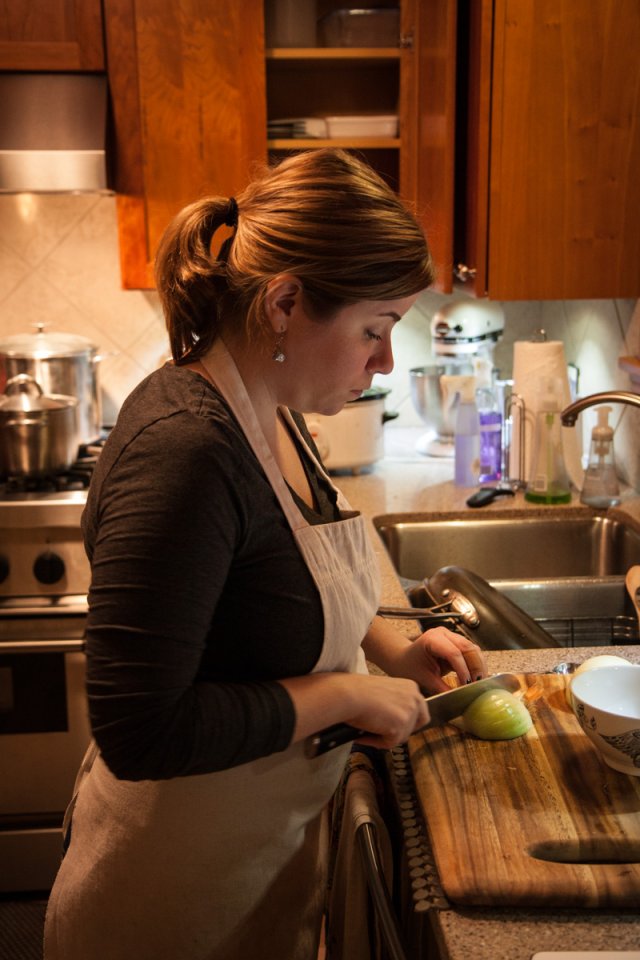 Julia shows off her knife skills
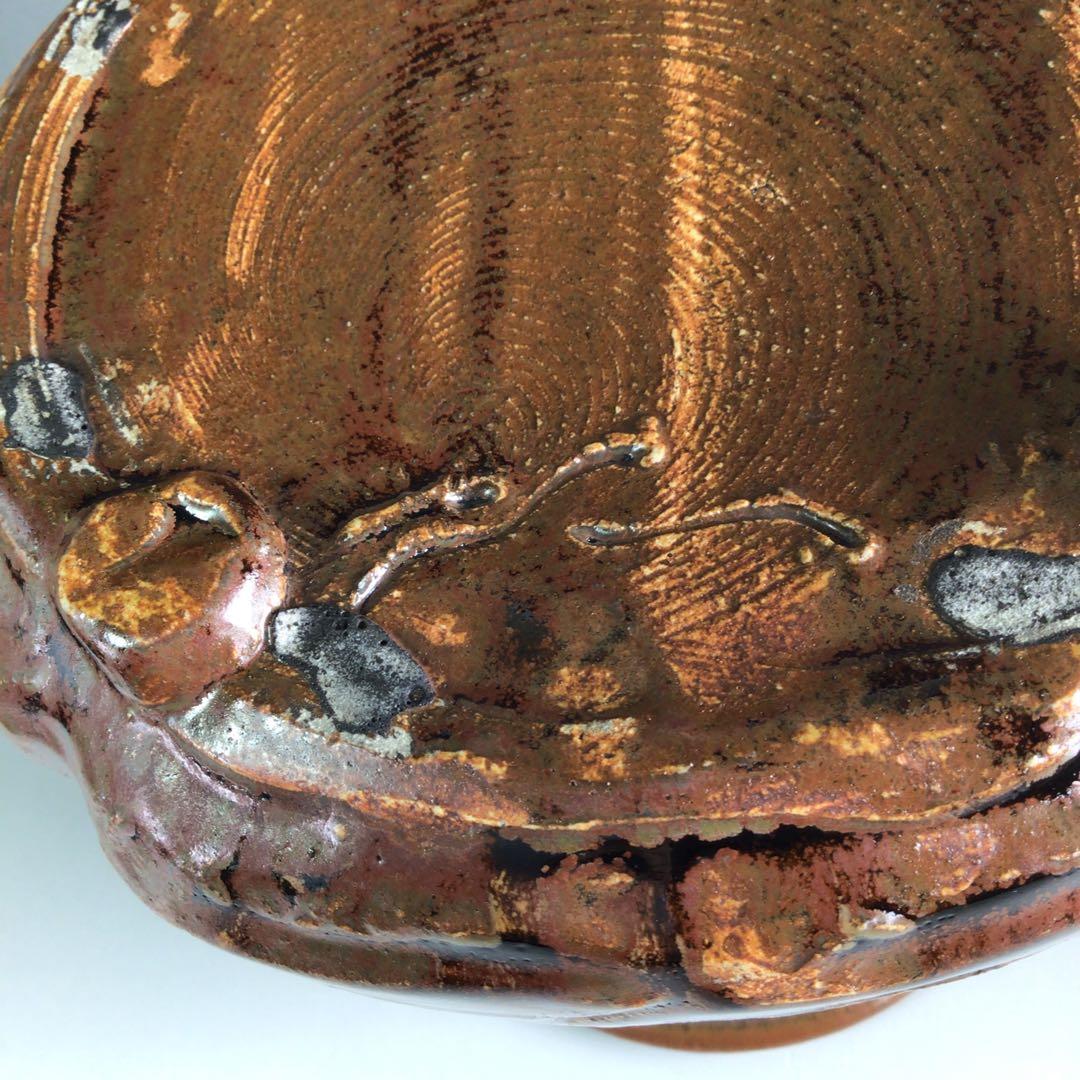 Ｒ３２５　水指　『長谷川青峯造』『耳付』『瀬戸水指』　共箱　茶道具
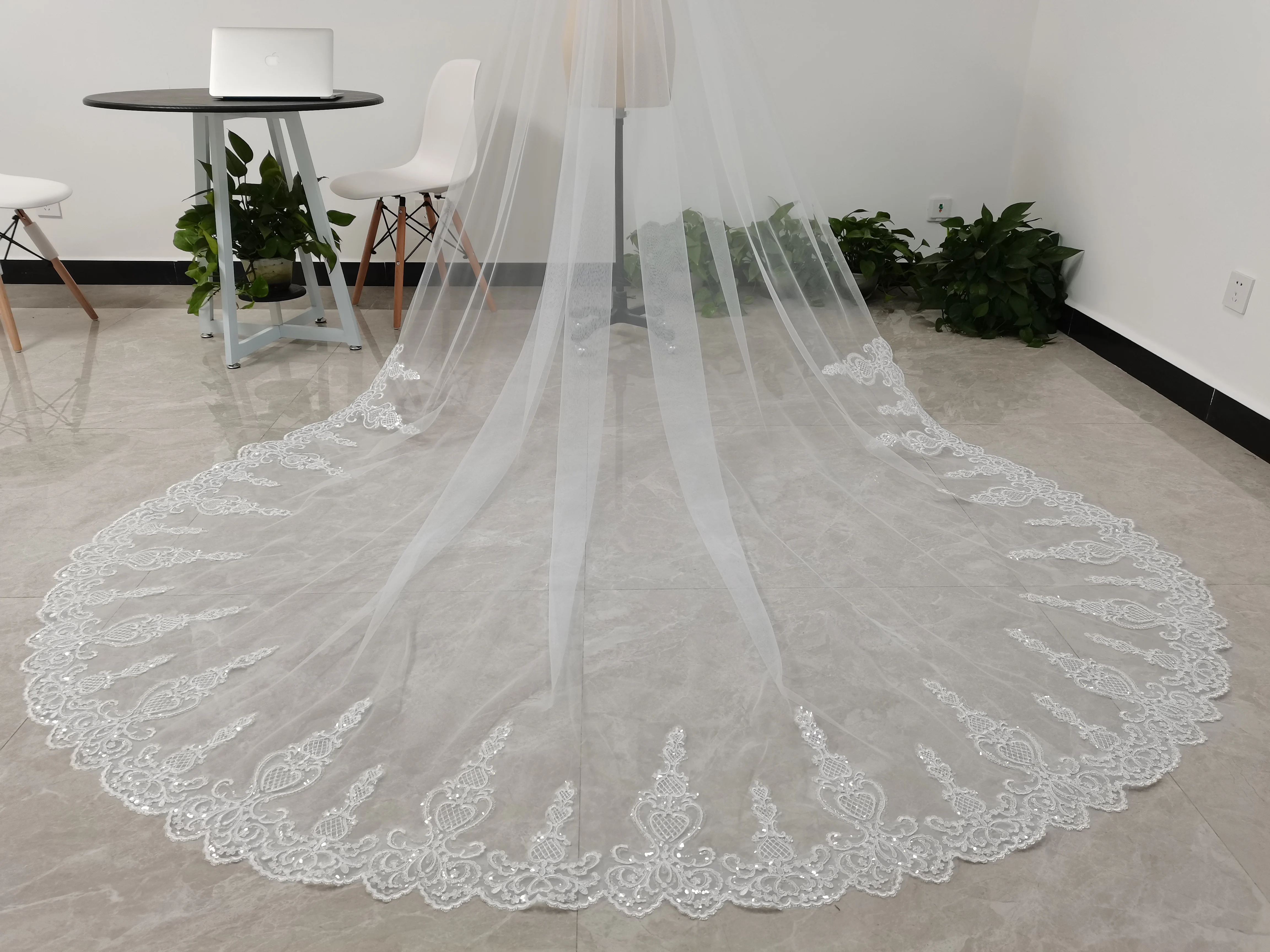 3M Kathedrale Länge Hochzeit Schleier Weiß/Elfenbein Eine Schicht Schleier Spitze Pailletten Schleier Mit Kamm Braut Schleier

▶ [WHAT YOU SHOULD DO] Your task is to reproduce exactly the lines from the one with "Ｒ３２５　水指　『長谷川青峯造』『耳付』『瀬戸水指』　共箱　茶道具" to the end of the material, both included, with the pictures left out.

▶ [SOLUTION TO THE EXERCISE]
 Ｒ３２５　水指　『長谷川青峯造』『耳付』『瀬戸水指』　共箱　茶道具
 3M Kathedrale Länge Hochzeit Schleier Weiß/Elfenbein Eine Schicht Schleier Spitze Pailletten Schleier Mit Kamm Braut Schleier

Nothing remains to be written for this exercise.